Semantic Compositions Enhance Vision-Language Contrastive Learning
Maxwell Aladago, Lorenzo Torresani, Soroush Vosoughi

TL;DR
This paper introduces a simple yet effective method called CLIP-C that creates semantically composite image-caption pairs during pretraining, significantly enhancing zero-shot classification and retrieval in vision-language models without extra computational costs.
Contribution
The paper proposes a novel data augmentation technique for vision-language contrastive learning that improves model performance by creating composite examples inspired by CutMix.
Findings
Significant improvement in zero-shot classification accuracy.
Enhanced cross-modal retrieval performance.
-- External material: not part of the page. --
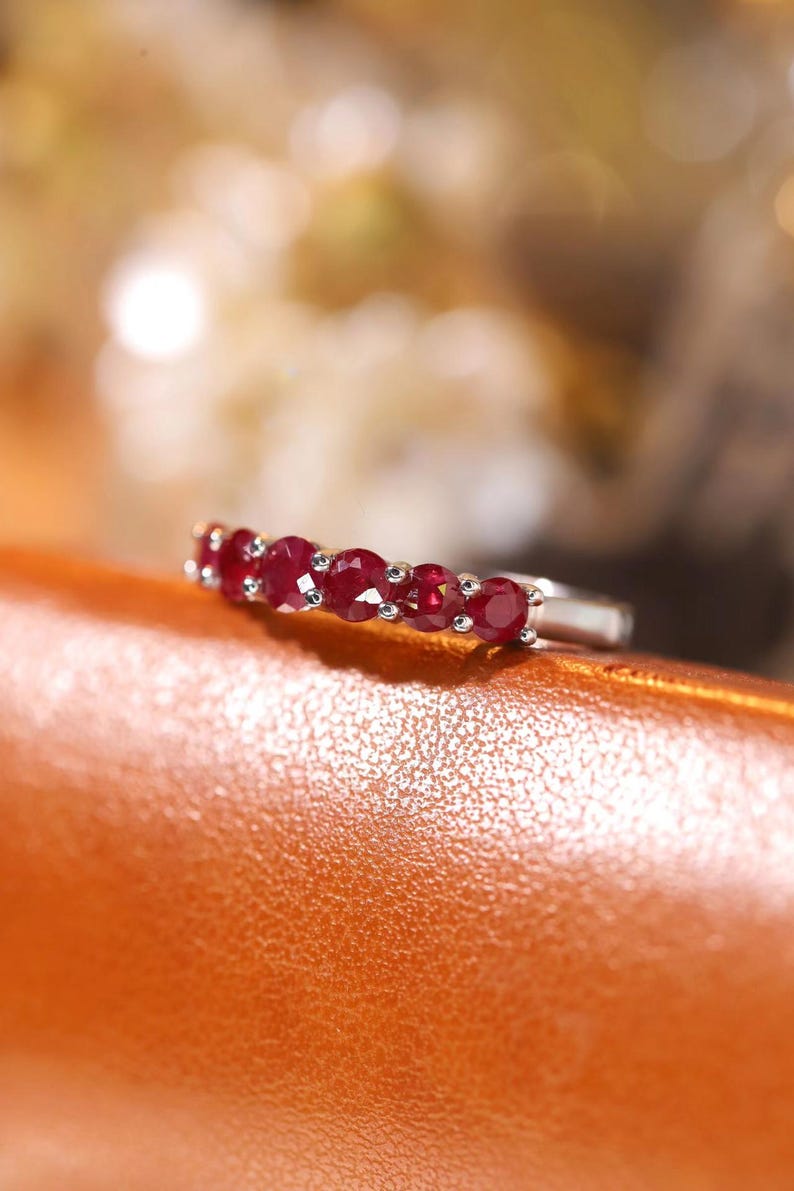 Pu&ograve; includere: Un anello in tonalit&agrave; argento con una fila di sei rubini rosso intenso a taglio rotondo, montati singolarmente su griffe. Le pietre sono disposte orizzontalmente sulla parte superiore della fascia, mostrando una superficie sfaccettata.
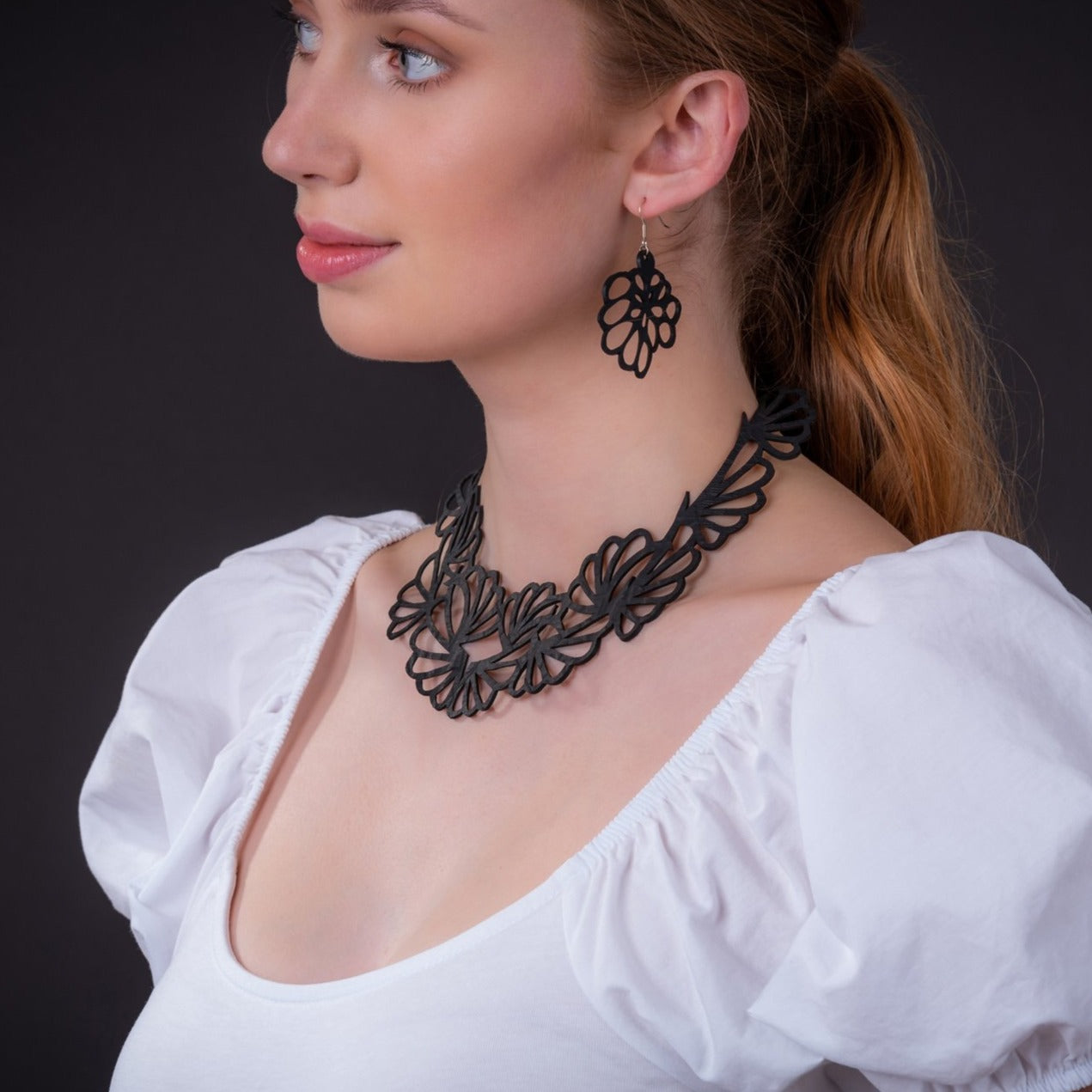 Model wearing Paguro Upcycle black floral statement upcycled vegan flower necklace and matching earring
Most beneficial in limited data scenarios.
Abstract
In the field of vision-language contrastive learning, models such as CLIP capitalize on matched image-caption pairs as positive examples and leverage within-batch non-matching pairs as negatives. This approach has led to remarkable outcomes in zero-shot image classification, cross-modal retrieval, and linear evaluation tasks. We show that the zero-shot classification and retrieval capabilities of CLIP-like models can be improved significantly through the introduction of semantically composite examples during pretraining. Inspired by CutMix in vision categorization, we create semantically composite image-caption pairs by merging elements from two distinct instances in the dataset via a novel procedure. Our method fuses the captions and blends 50% of each image to form a new composite sample. This simple technique (termed CLIP-C for CLIP Compositions), devoid of any additional…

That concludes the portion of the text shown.